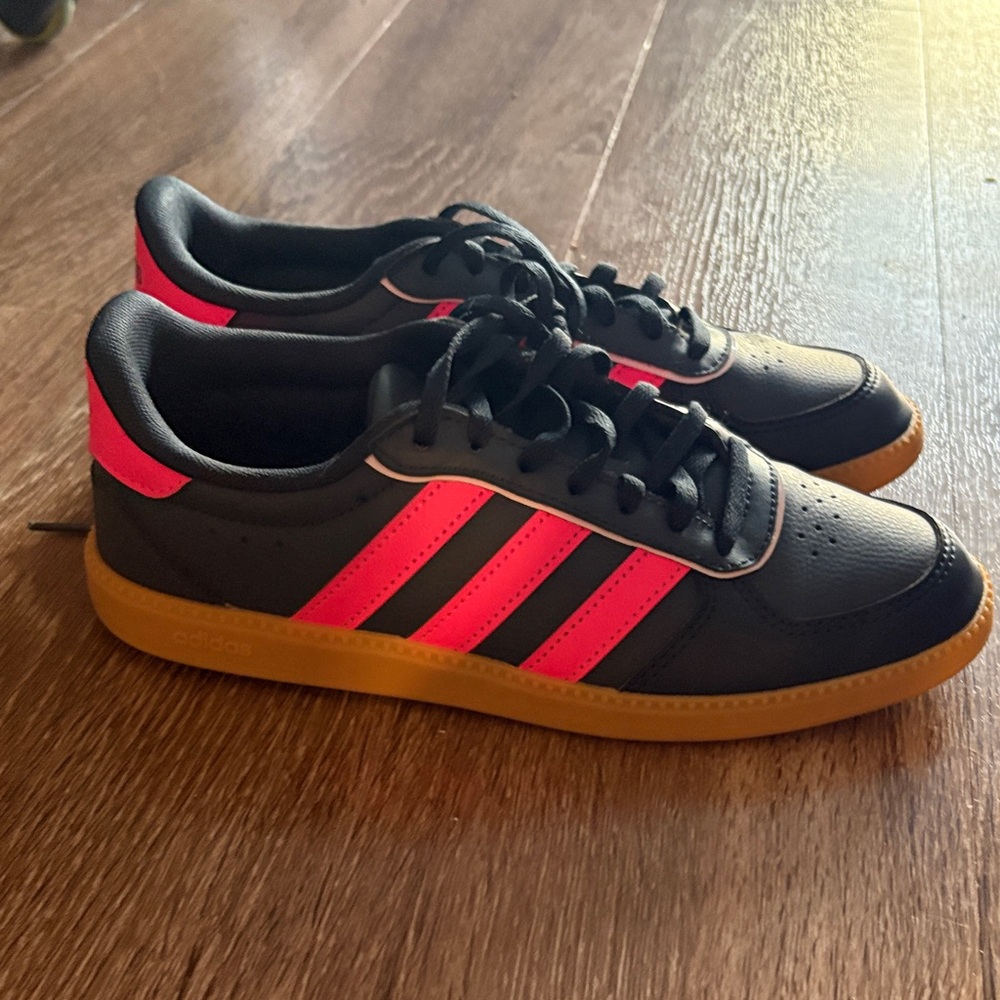 adidas Black Sneakers with Hot Pink Stripes and Gum Sole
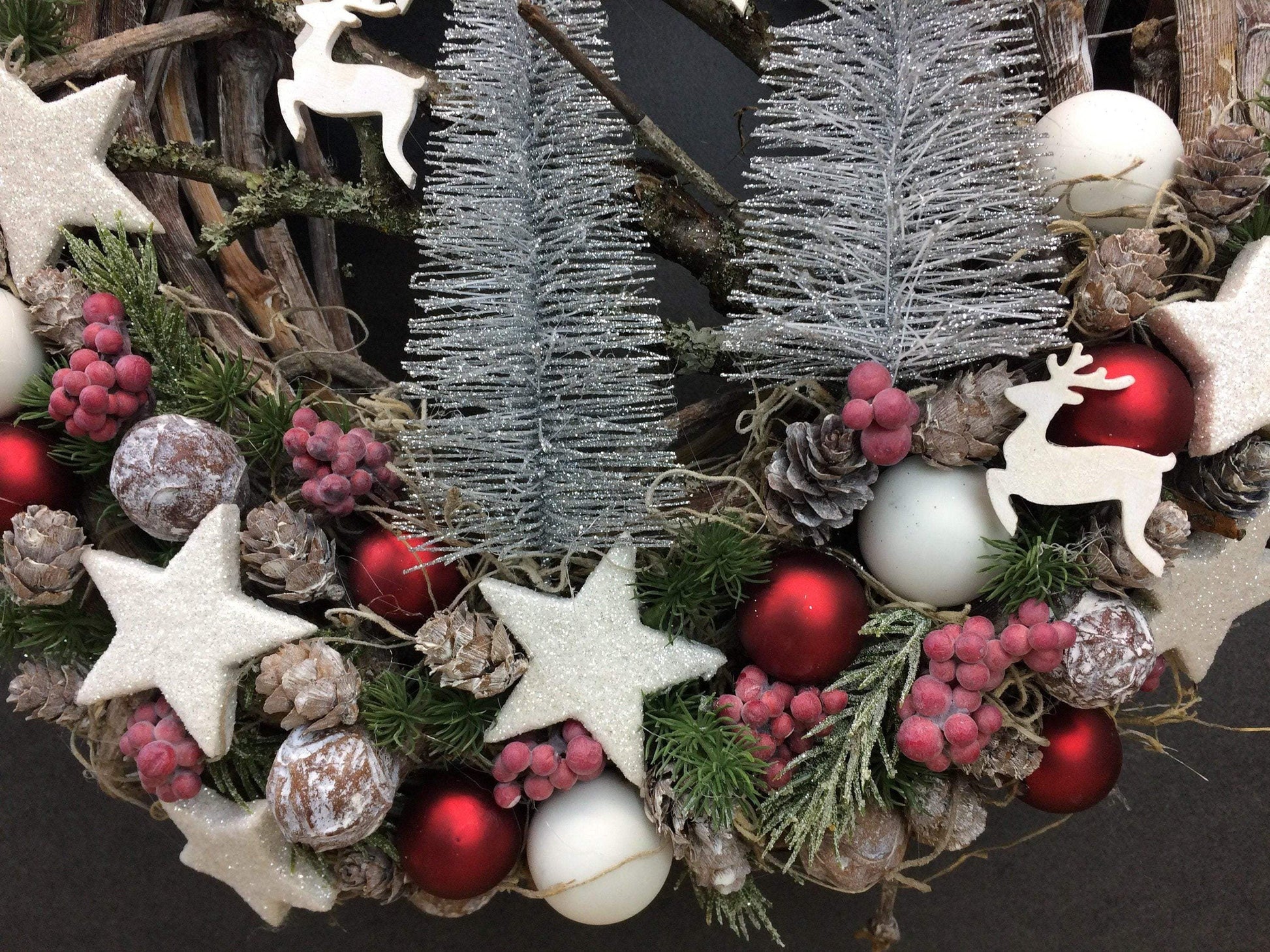 Advent Türkranz Türdeko Türschmuck Weihnachten Weidenkranz Adventskranz Sterne Tannenbaum Hirsch Tanne Filz Draht – handgemacht aus Seiden- und Kunstblumen, langlebig & pflegeleicht von SarahsFlowerStudio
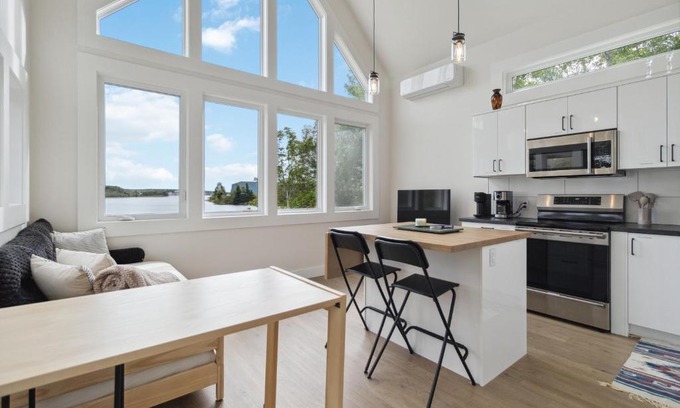 Shelburne Casa | Harbour View Loft at Bells Cove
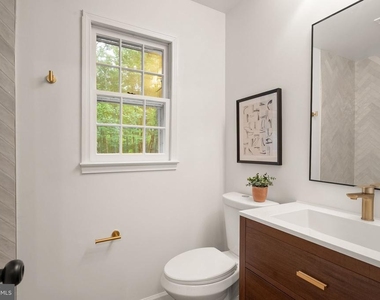 12312 Coleraine Court - Photo Thumbnail 33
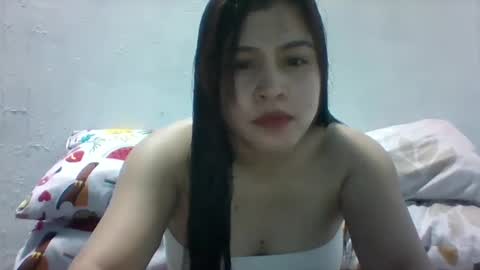 Snapshot of misskitty2xxx chatting on December 30, 3:23 pm Merry online show from December 30, 3:23 pm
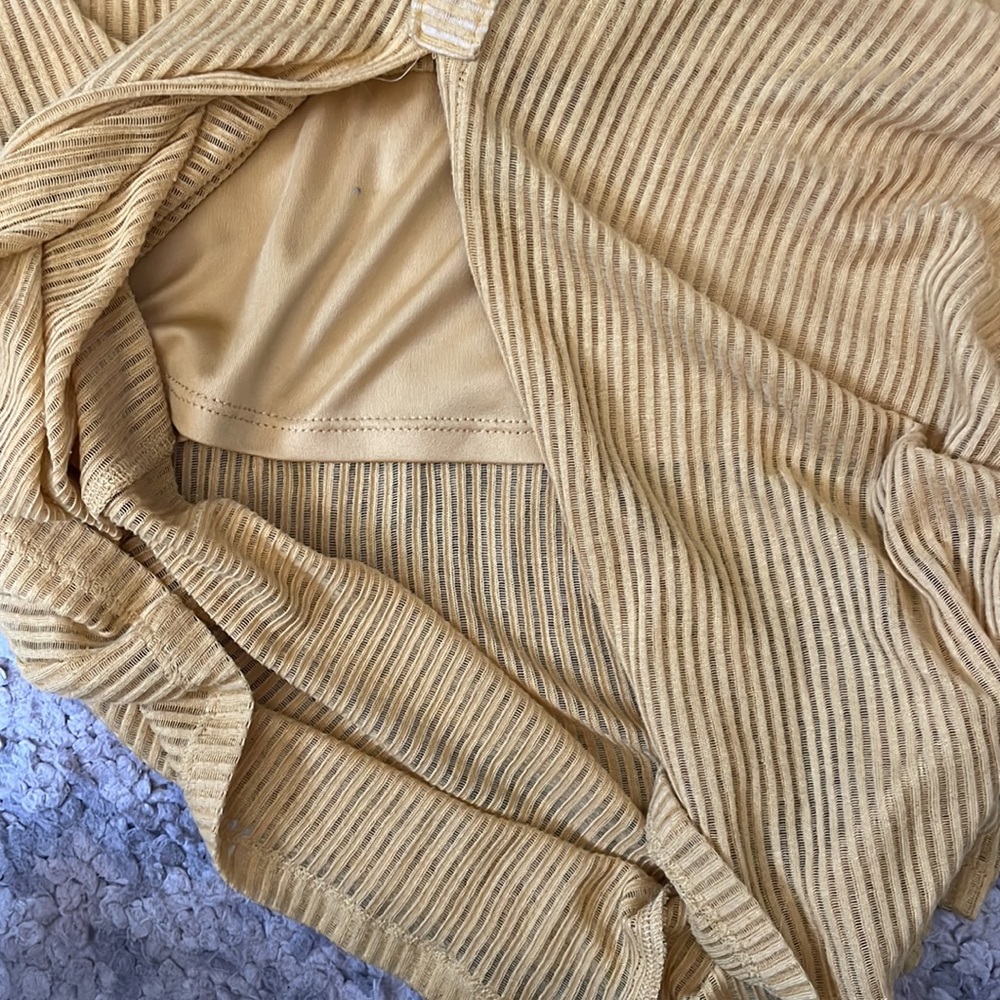 Express Yellow Ribbed Button-Front Midi Dress - Picture 3 of 5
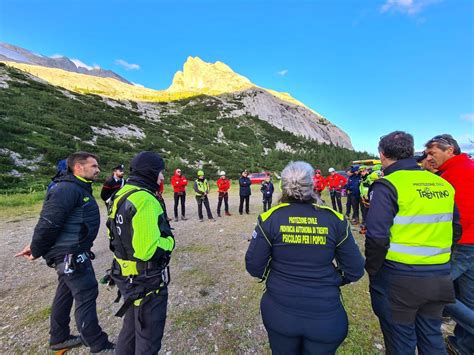 Marmolada In Corso Le Operazioni Di Ricerca In Quota Soccorso Alpino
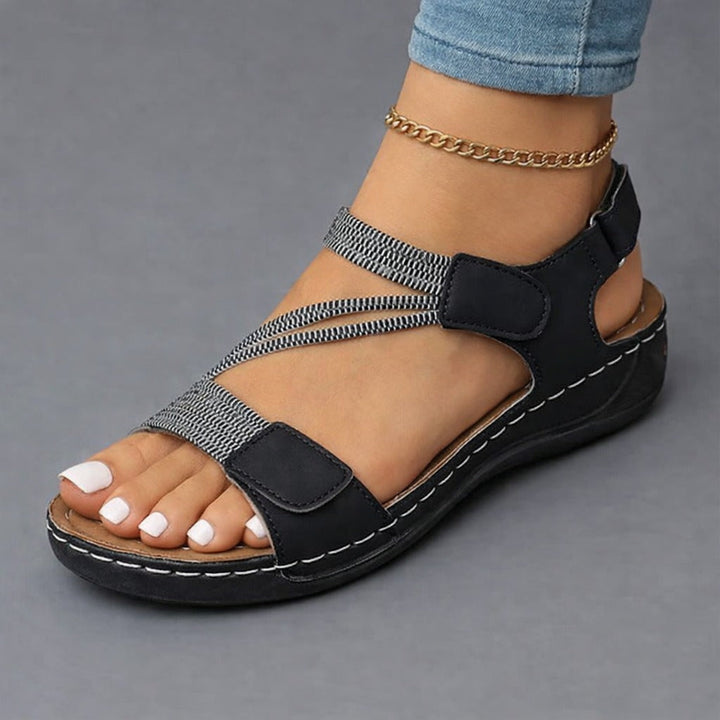 Bequeme Damen Sandalen mit praktischen verstellbaren Riemen für optimale Passform. Leichte Freizeitschuhe.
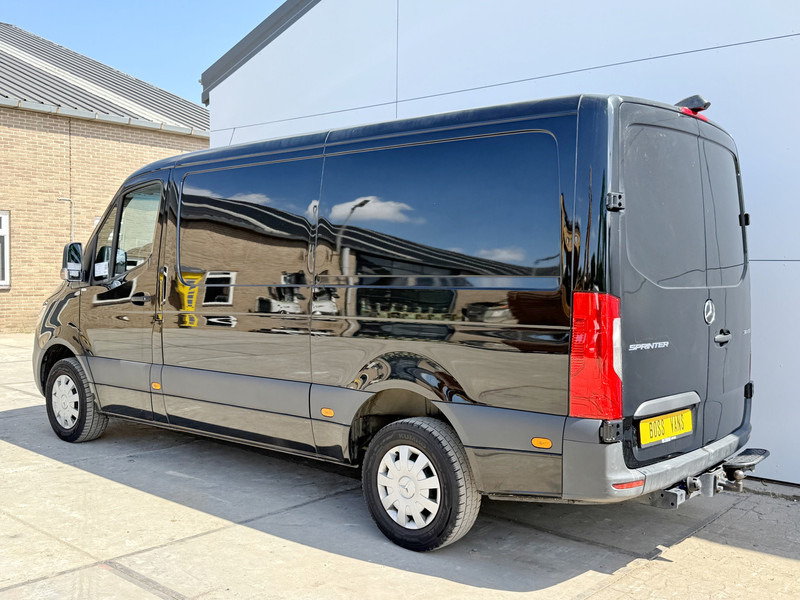 Mercedes-Benz Sprinter 316 2.2 CDI Automaat L2H2 Climate Control Cruise Control Camera Trekhaak 3.5 Ton Trekgewicht - Товарен бус: снимка 2 Mercedes-Benz Sprinter 316 2.2 CDI Automaat L2H2 Climate Control Cruise Control Camera Trekhaak 3.5 Ton Trekgewicht - Товарен бус: снимка 2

Task details:
All of the lines above must be printed again exactly, and no picture may appear in the copy.

Response to this exercise:
 adidas Black Sneakers with Hot Pink Stripes and Gum Sole
 Advent Türkranz Türdeko Türschmuck Weihnachten Weidenkranz Adventskranz Sterne Tannenbaum Hirsch Tanne Filz Draht – handgemacht aus Seiden- und Kunstblumen, langlebig & pflegeleicht von SarahsFlowerStudio
 Shelburne Casa | Harbour View Loft at Bells Cove
 12312 Coleraine Court - Photo Thumbnail 33
 Snapshot of misskitty2xxx chatting on December 30, 3:23 pm Merry online show from December 30, 3:23 pm
 Express Yellow Ribbed Button-Front Midi Dress - Picture 3 of 5
 Marmolada In Corso Le Operazioni Di Ricerca In Quota Soccorso Alpino
 Bequeme Damen Sandalen mit praktischen verstellbaren Riemen für optimale Passform. Leichte Freizeitschuhe.
 Mercedes-Benz Sprinter 316 2.2 CDI Automaat L2H2 Climate Control Cruise Control Camera Trekhaak 3.5 Ton Trekgewicht - Товарен бус: снимка 2 Mercedes-Benz Sprinter 316 2.2 CDI Automaat L2H2 Climate Control Cruise Control Camera Trekhaak 3.5 Ton Trekgewicht - Товарен бус: снимка 2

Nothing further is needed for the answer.